» WHAT YOU NEED TO DO
Print each line below verbatim, skipping every picture.

» THE DATA
================================

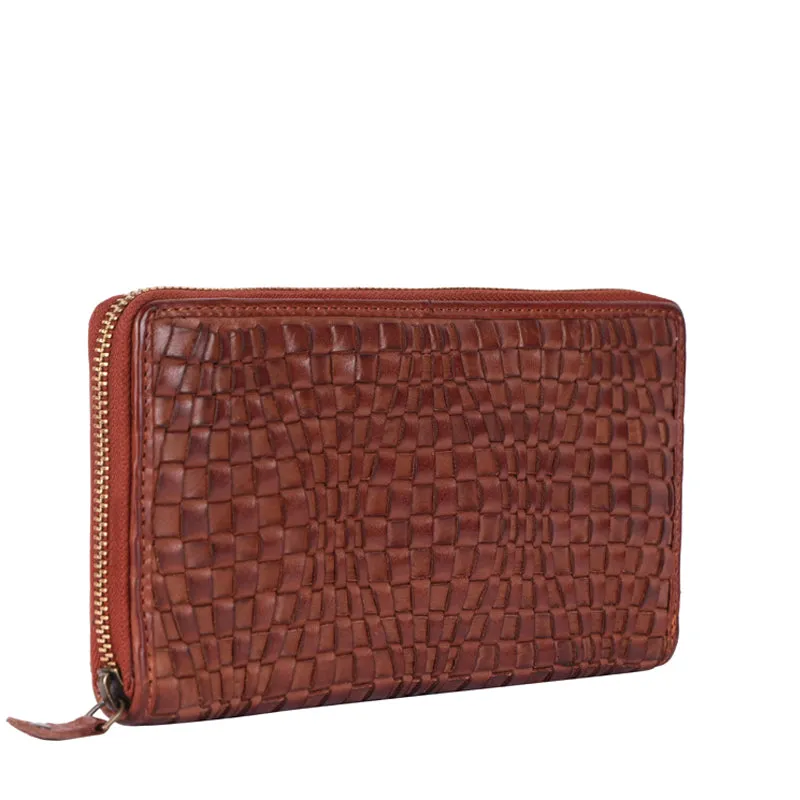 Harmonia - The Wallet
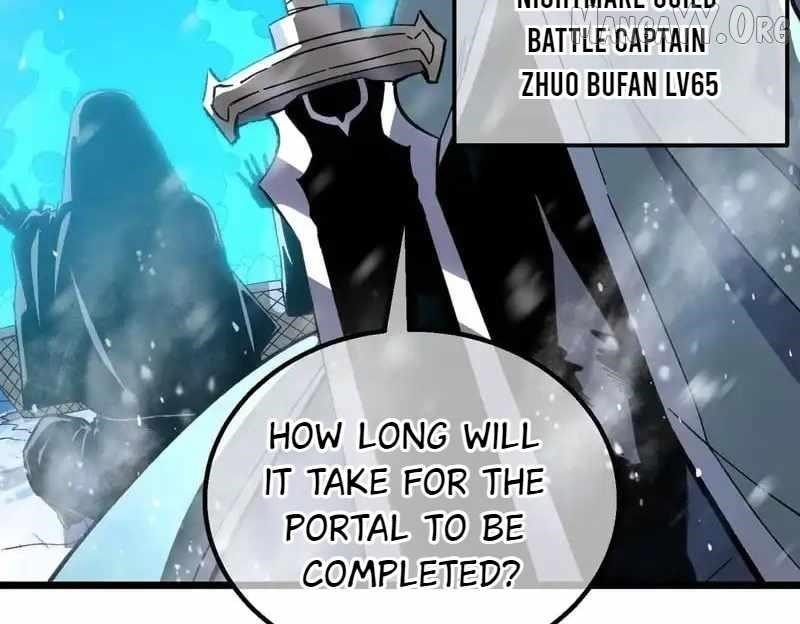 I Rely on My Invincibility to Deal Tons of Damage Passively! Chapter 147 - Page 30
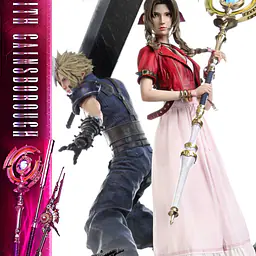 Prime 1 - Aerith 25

================================

» ANSWER TO THE PROBLEM
 Harmonia - The Wallet
 I Rely on My Invincibility to Deal Tons of Damage Passively! Chapter 147 - Page 30
 Prime 1 - Aerith 25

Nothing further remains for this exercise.